Dec 03, 2006 03:51
After nearly a year of working I have been terminated form my current post. From paper pusher to grease monkey I strove for perfection and they knew that. All it took was one, one mistake, one fucking mistake and I've been fired.
What was it I did so wrong you may ask? I forgot to tighten the bolts to spec *supposedly* on a vehicle I worked on. The end result was a wheel fell off and the end result was over 1000 in repairs to the cruiser, that SRT-8 I had the joy of driving once. The one car I had damn near took upon myself alone to make sure it was in tip top running order. Why? Well, it smote me. So why would I be so careless? Especially when someone else's life hung in the balance of me being neglectful?
I'm not saying I didn't do it. I might have, it's just that I did receive assistance form time to time in getting it on the road promptly. If anything the blame shouldn't have been shifted totally on my worn shoulders. And yet, who was the person they chose to have leave? Me; me alone. AS I left I shook my higher ups hands, told them it was fun, it had been at times. And they in turn told me I would get a good recommendation from them. Perhaps the decision was not theirs to make. I on a lever believe that.
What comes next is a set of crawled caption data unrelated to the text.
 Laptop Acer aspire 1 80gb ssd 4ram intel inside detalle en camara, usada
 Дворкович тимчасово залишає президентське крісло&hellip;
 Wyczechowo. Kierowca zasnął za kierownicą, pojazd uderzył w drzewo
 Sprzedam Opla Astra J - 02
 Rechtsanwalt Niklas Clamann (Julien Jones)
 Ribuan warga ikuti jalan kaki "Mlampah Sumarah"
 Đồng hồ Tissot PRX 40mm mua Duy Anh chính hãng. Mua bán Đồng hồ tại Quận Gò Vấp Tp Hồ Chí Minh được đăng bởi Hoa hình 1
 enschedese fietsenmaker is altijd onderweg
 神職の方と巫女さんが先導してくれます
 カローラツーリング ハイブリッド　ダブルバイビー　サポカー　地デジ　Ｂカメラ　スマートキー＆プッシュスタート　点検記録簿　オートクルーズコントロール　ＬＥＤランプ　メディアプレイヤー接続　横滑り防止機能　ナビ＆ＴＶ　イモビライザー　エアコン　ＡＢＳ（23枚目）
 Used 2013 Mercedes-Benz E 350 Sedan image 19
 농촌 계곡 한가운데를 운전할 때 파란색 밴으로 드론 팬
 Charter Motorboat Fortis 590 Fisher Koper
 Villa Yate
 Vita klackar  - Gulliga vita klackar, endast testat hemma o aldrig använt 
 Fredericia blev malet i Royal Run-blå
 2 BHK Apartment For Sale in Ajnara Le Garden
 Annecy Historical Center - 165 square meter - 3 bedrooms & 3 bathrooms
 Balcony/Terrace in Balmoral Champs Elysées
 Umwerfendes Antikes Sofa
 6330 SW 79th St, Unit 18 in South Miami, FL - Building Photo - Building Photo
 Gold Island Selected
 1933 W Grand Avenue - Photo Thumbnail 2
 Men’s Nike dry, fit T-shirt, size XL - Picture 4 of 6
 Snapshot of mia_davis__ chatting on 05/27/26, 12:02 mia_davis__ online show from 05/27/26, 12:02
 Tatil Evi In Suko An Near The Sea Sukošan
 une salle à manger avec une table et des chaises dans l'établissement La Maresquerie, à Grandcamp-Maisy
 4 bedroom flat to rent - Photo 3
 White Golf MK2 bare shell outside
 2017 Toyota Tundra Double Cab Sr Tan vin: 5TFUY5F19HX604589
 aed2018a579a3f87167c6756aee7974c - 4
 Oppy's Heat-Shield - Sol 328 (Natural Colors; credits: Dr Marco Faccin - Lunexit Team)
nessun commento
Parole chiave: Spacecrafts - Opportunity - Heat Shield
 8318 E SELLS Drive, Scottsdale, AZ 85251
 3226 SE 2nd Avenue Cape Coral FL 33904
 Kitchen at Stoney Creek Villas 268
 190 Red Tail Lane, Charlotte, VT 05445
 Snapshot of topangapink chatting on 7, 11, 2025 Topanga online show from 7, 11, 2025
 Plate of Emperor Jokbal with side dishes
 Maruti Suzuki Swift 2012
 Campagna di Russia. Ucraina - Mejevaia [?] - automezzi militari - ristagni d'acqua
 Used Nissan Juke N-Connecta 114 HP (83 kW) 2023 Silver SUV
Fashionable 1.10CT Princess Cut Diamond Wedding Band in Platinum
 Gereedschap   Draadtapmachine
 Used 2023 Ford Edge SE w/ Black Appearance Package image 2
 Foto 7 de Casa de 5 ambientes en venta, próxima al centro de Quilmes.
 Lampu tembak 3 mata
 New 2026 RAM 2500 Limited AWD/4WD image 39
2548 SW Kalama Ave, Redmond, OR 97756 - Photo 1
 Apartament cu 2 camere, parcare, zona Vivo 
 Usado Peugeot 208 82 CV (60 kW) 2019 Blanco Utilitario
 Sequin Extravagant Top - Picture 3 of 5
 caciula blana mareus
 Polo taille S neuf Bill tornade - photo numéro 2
After I got over the shock of this, I went job hunting. Going off the tip that the nearest Gamestop needs better employees I went there and applied. Next I hear that the manager is working in there I might go and visit with her and politely put my foot up her ass like I did with all my other jobs, harassing the manager in a polite manner till I get an interview. At least if she checks my resume she'll see that I am more than qualified for the job.
Either way, I'm now basically broke and I have no job. I guess... I need to begin about thinking on selling stuff if it comes to that.